Search code examples
haskellparsec

Eagerness of separator parser in `sepBy` in Parsec


This is a question pertaining to a more general question of parser precedence in Haskell's Parsec, so feel free to respond with more generality about my problem.

Let's say I have a p :: Parsec String () Int which consumes every character in a String and sums its ASCII values at the end. I want to turn this p into another parser of the same type which computes the result of this ASCII summing on substrings which are separated by the newline character, and takes their product. E.g. AB\nZ\nCEF parses to (65+66)*(90)*(67+69+70)=2428740.

I could use lines on the input, map the elements to their parse values, and take their product, but I want to keep this Parsec-native; at the very least I would want a general function Parsec String u a -> Parsec [String] u [a].

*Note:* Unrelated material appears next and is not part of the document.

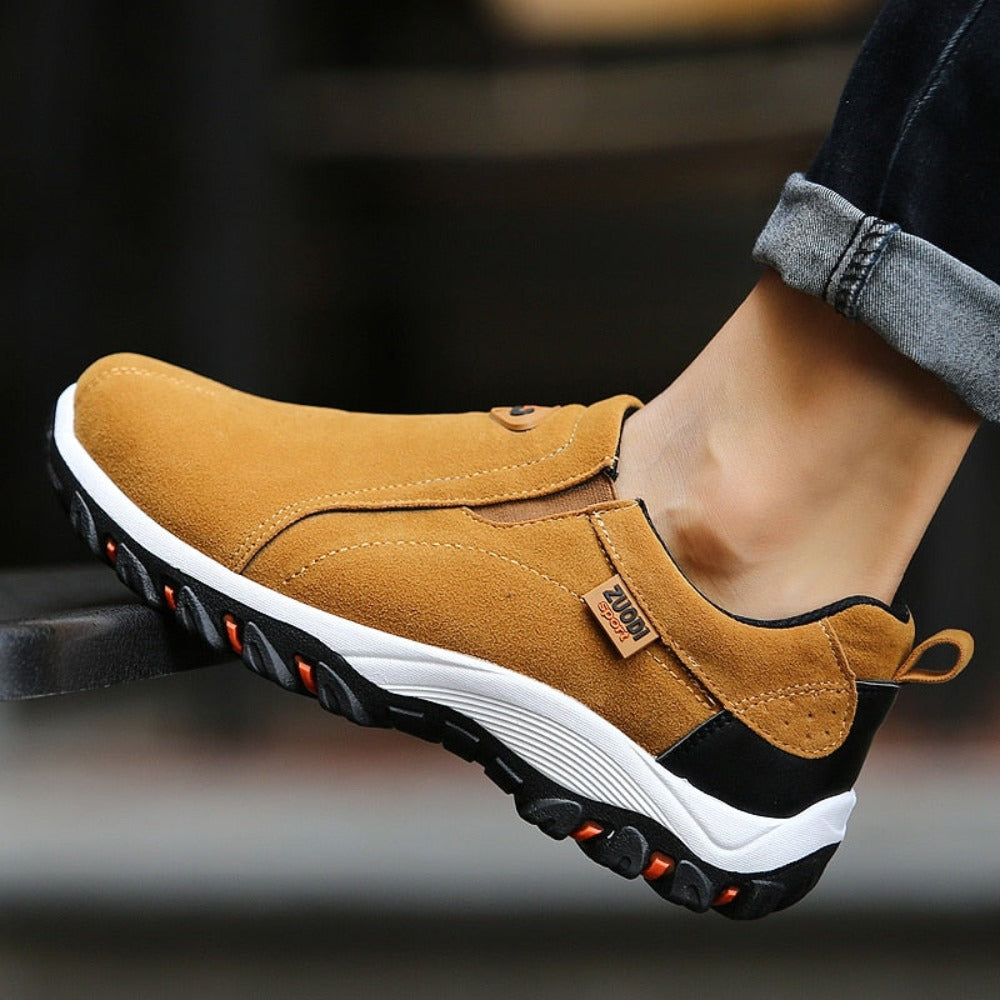 Casual Footwear for Men's Everyday Strolls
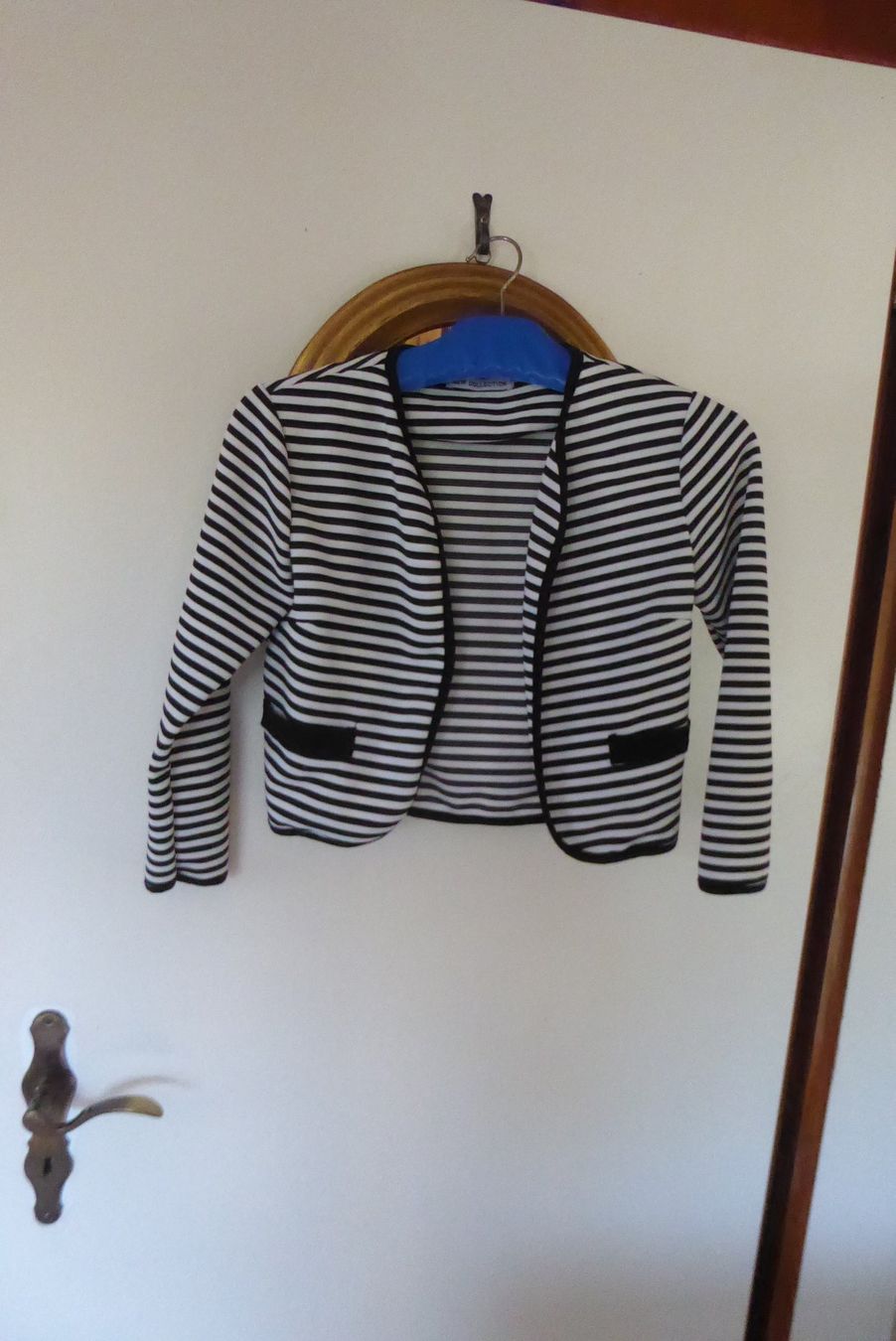 Lots de vêtements: 4 Jacken 1Bluse Gr S TEDDYS Amisu H&M ect – D'occasion à Sargans par Benziner 1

I could use sepBy p newline, but this will only work if my p was specifically designed to reject parsing \n, which isn't very compositionally minded.


Solution

  • Parsec doesn't explicitly manage precedence of its parsers. Rather, it combines parsers using various control structure combinators, like sequences or loops, so that a sequence p >> q means "first run parser p, and once it's successfully completed, run parser q; if either fails, fail the whole operation". Control over the input stream comes from the bottom up. A parser decides when it's done, whether it succeeds or fails, and how much of the input stream it consumes, and the parent combinator's control over a parser is basically limited to an all-or-nothing decision: either accept what the parser did or reject it entirely.

    This means that a particular parser, like your p, that gobbles the rest of the stream, can't be controlled by a parent combinator, like sepBy. All sepBy can do is run it to completion, and then check if the separator parser succeeds before running p again.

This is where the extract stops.